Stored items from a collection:

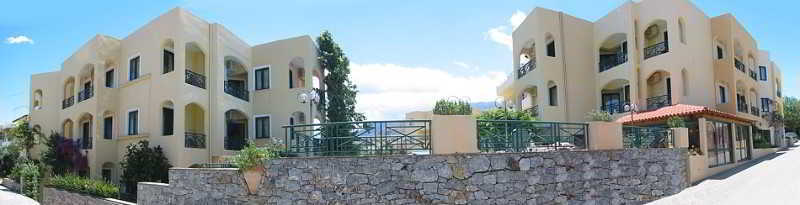 Romantica Hotel Georgioupoli Exteriör bild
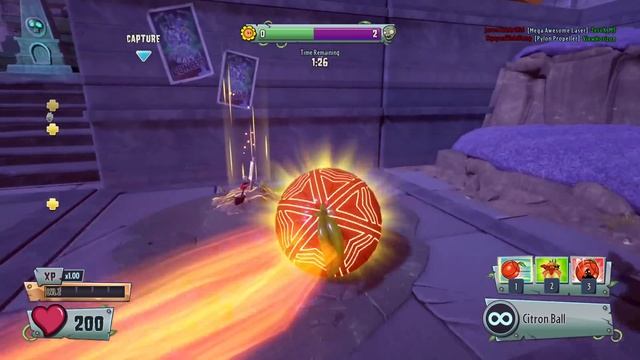 Plants Vs. Zombies 3D - Quả Cam Goku Super Saiyan Hoa Quả Nổi Giận 3D - Top Game Android Ios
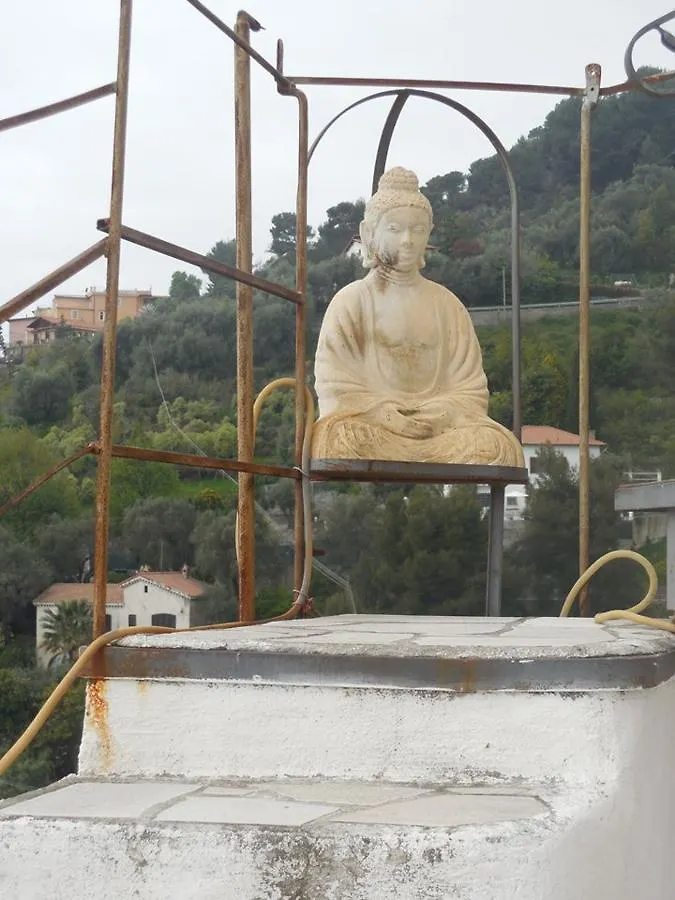 Villa D'Arte Mortola Superiore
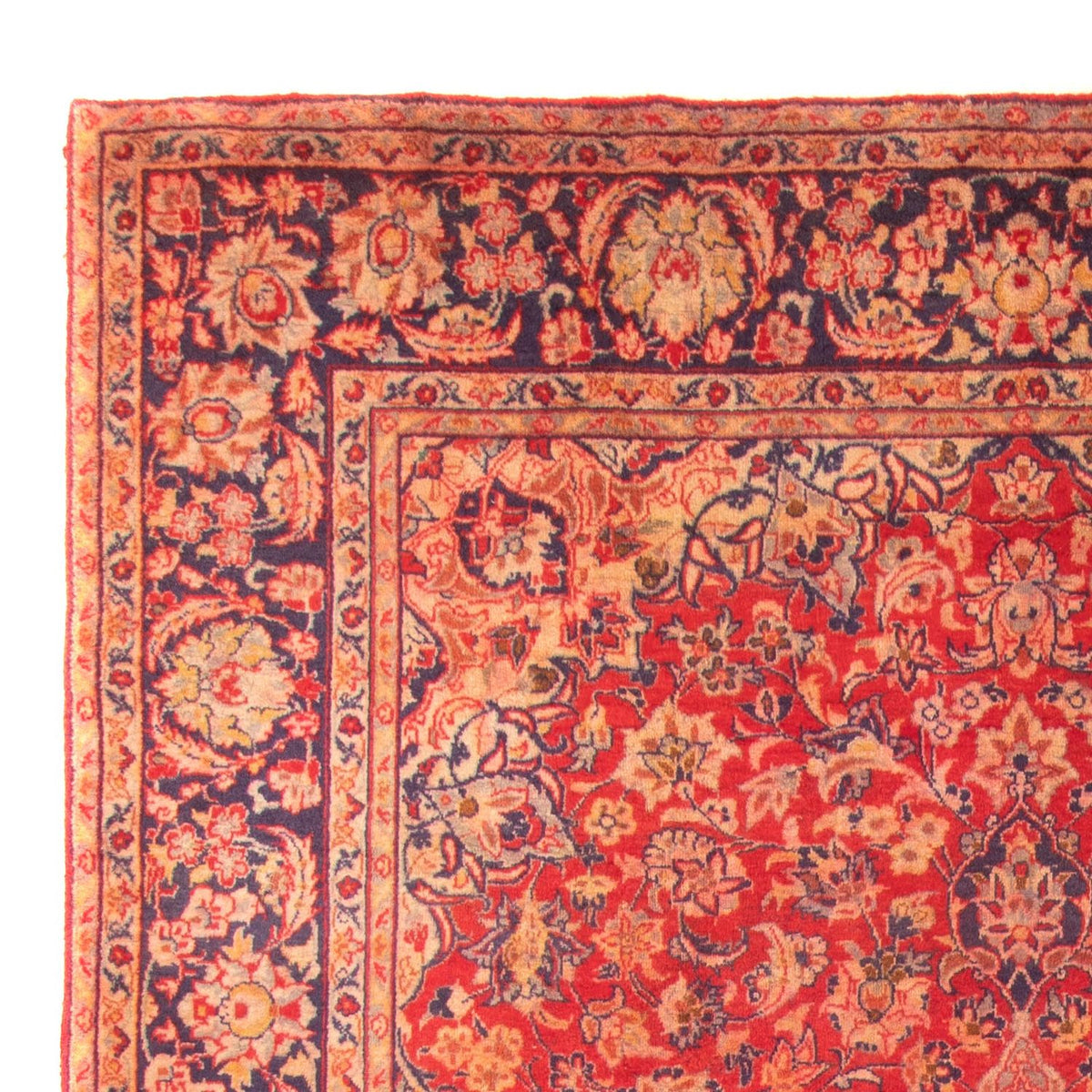Perser Rug - Classic - 355 x 243 cm - red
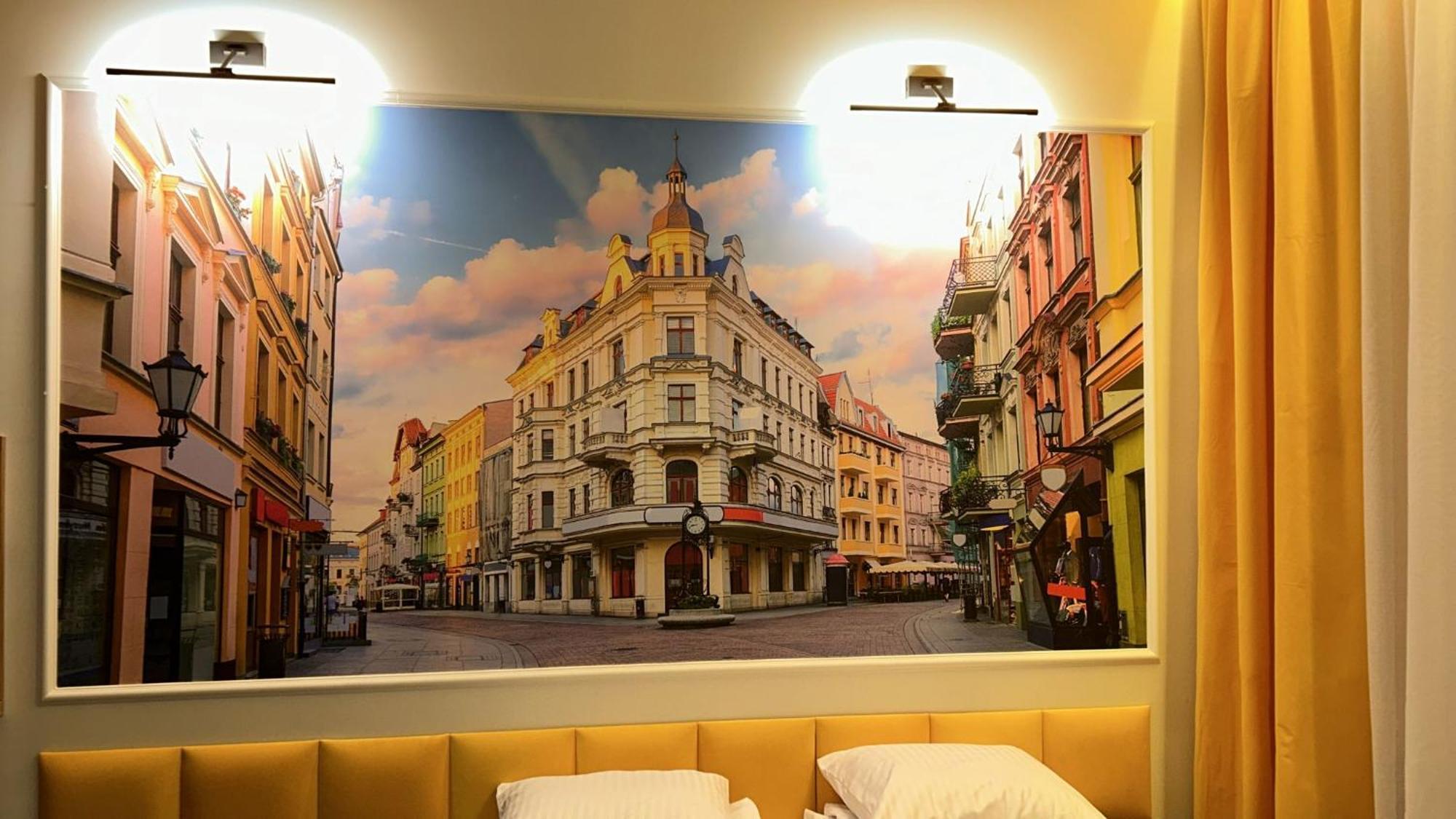 Quick Trip Apartments Torun Ngoại thất bức ảnh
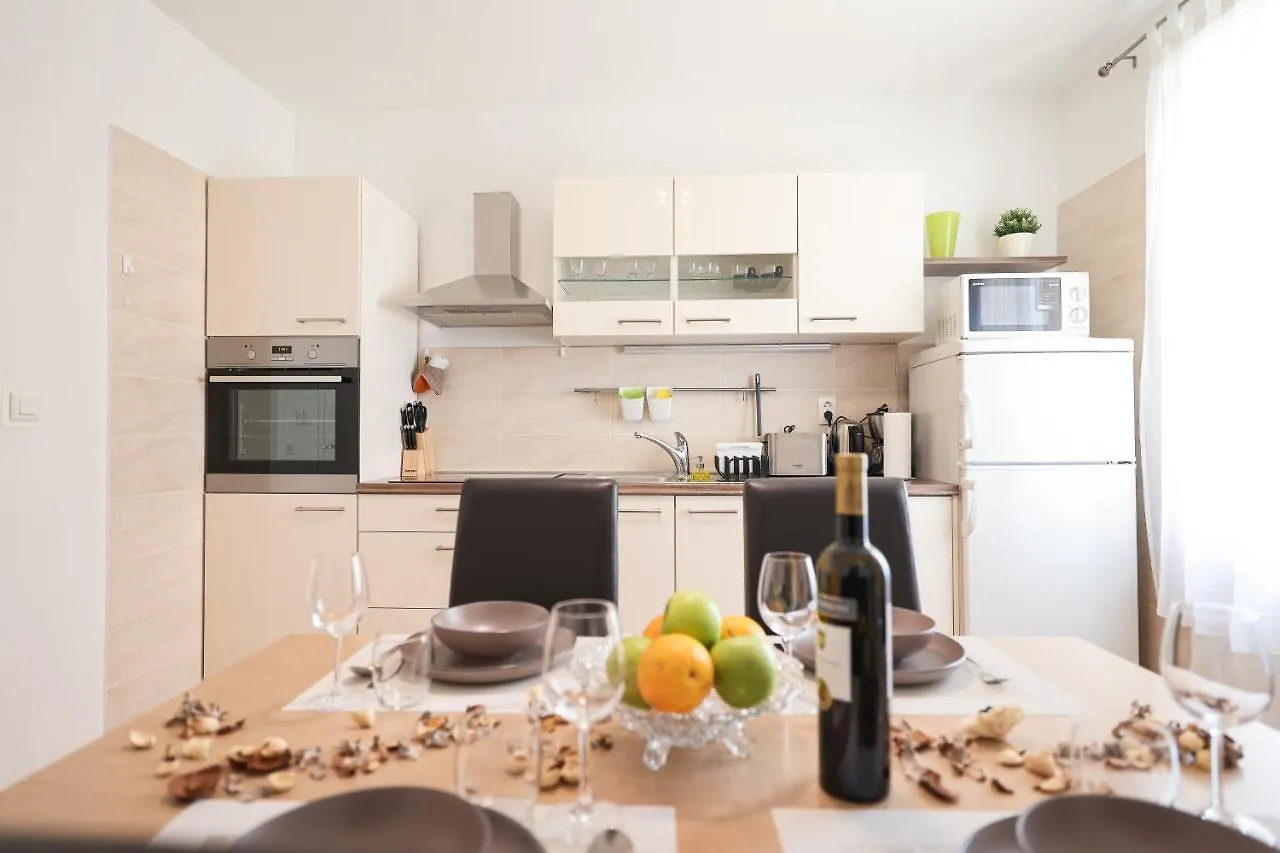 Apartment Melisa Zadar Croatia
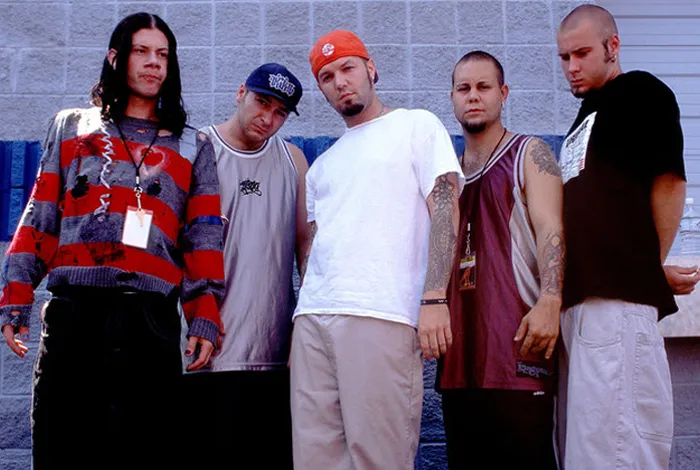 Blood Fart - Limp Bizkit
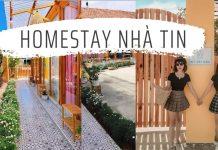 Homestay Nhà Tin Đà Lạt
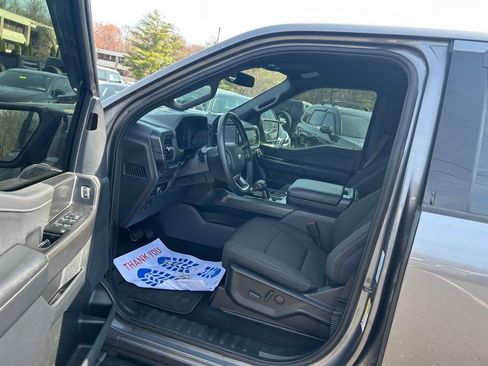 Certified 2024 Ford F150 XLT w/ Equipment Group 302A MID image 17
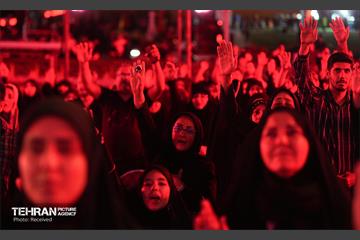سومین دوره سوگواره آیینی «محرم‌شهر» 21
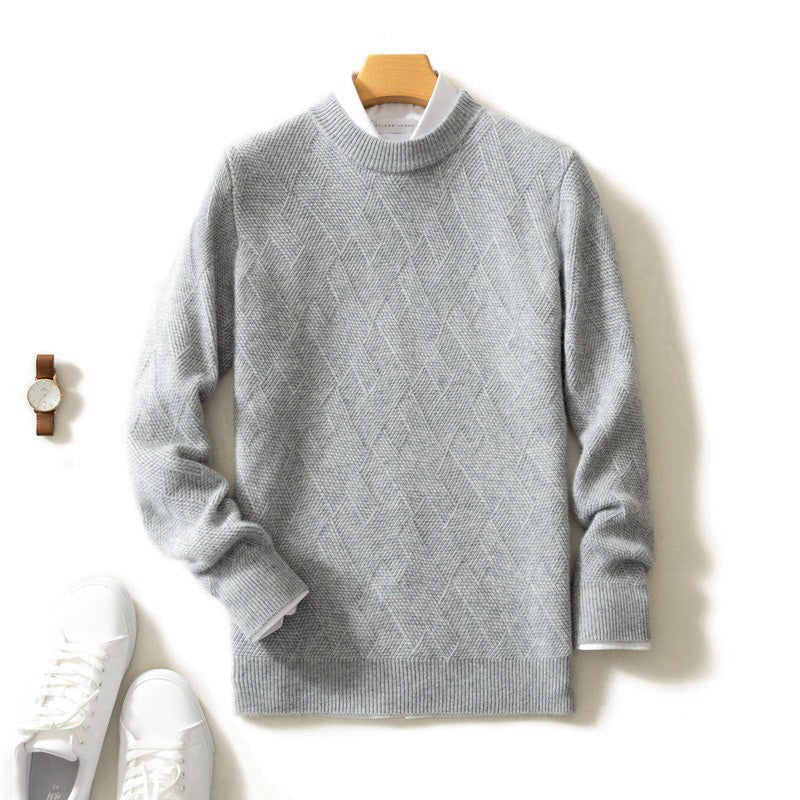 François Blanchet Luxurious Cashmere Dream Sweater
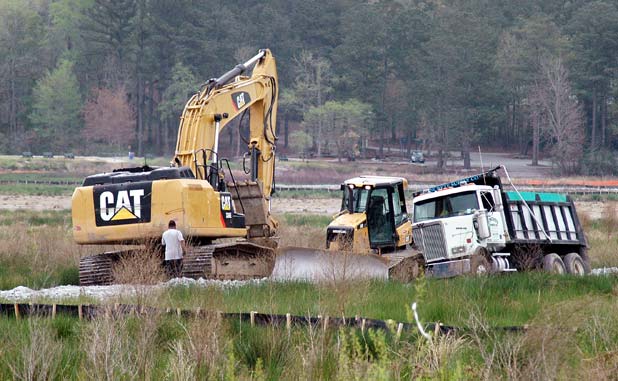 PTC to spend $24K to dredge boat ramp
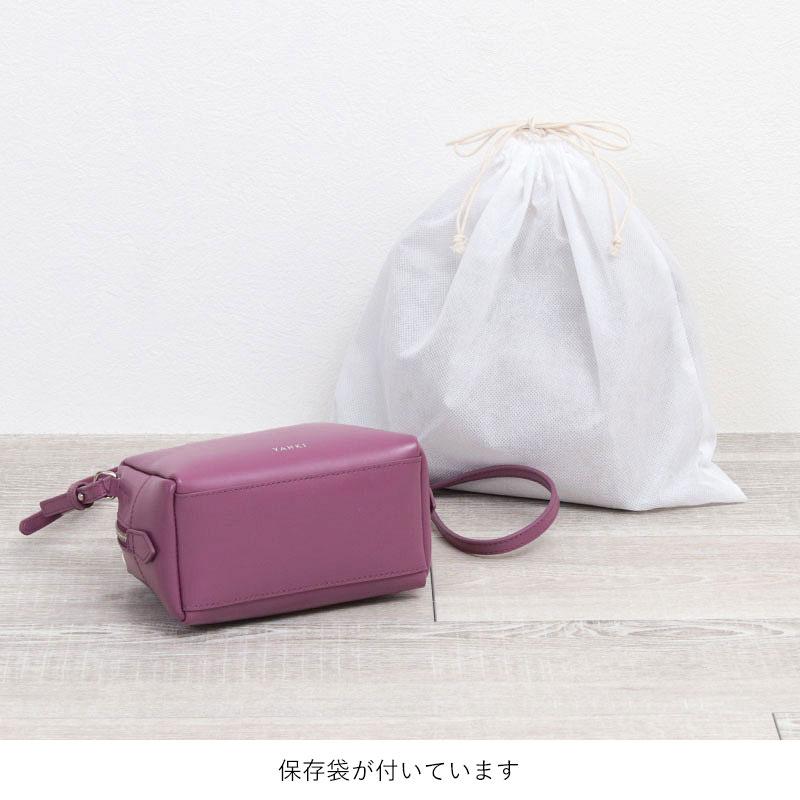 YAHKI / ミニボストン ショルダー バッグ jolisac_yahki-598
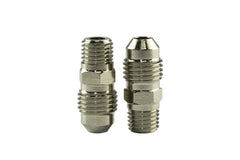 Turbosmart 1/16" NPT Male Flare Fittings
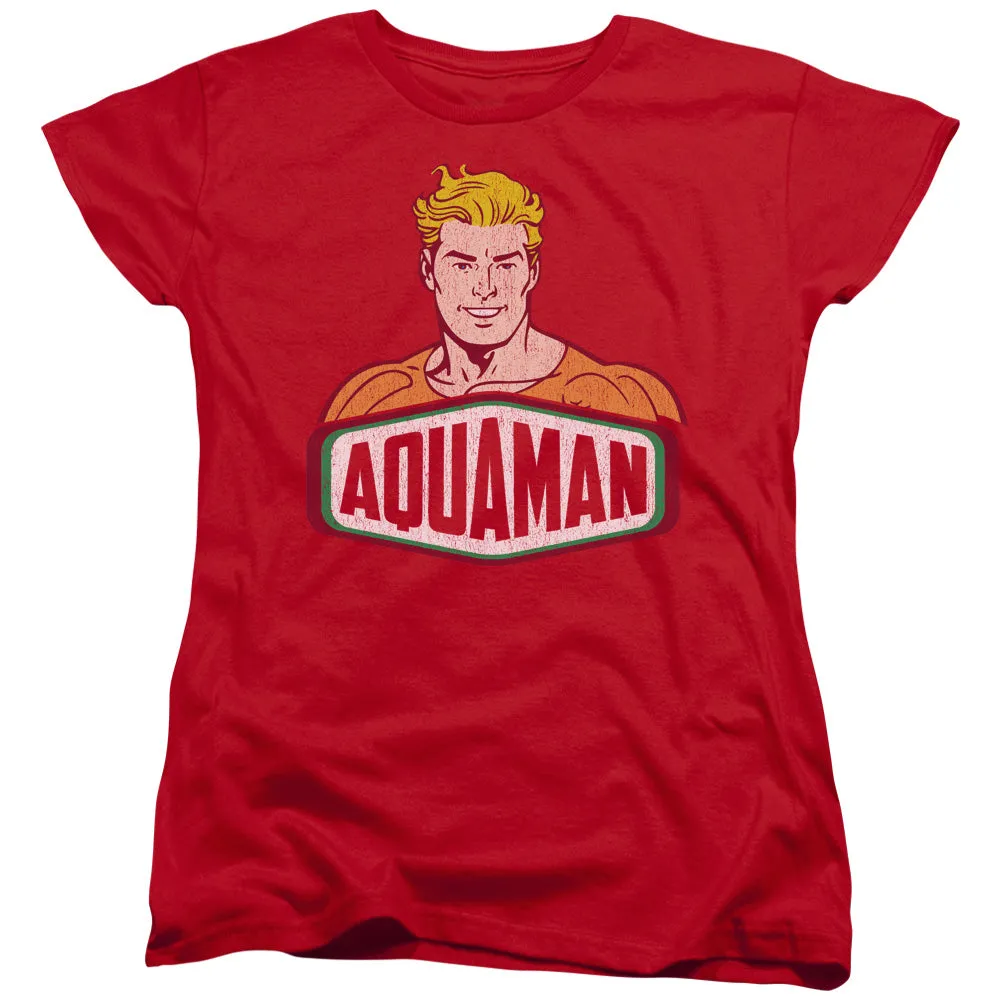 Aquaman - Aquaman Sign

Work to be completed: Write out nothing but the lines from the start of the data through the line with "سومین دوره سوگواره". Leave out the pictures.

Solution below:
 Romantica Hotel Georgioupoli Exteriör bild
 Plants Vs. Zombies 3D - Quả Cam Goku Super Saiyan Hoa Quả Nổi Giận 3D - Top Game Android Ios
 Villa D'Arte Mortola Superiore
Perser Rug - Classic - 355 x 243 cm - red
 Quick Trip Apartments Torun Ngoại thất bức ảnh
 Apartment Melisa Zadar Croatia
 Blood Fart - Limp Bizkit
 Homestay Nhà Tin Đà Lạt
 Certified 2024 Ford F150 XLT w/ Equipment Group 302A MID image 17
سومین دوره سوگواره آیینی «محرم‌شهر» 21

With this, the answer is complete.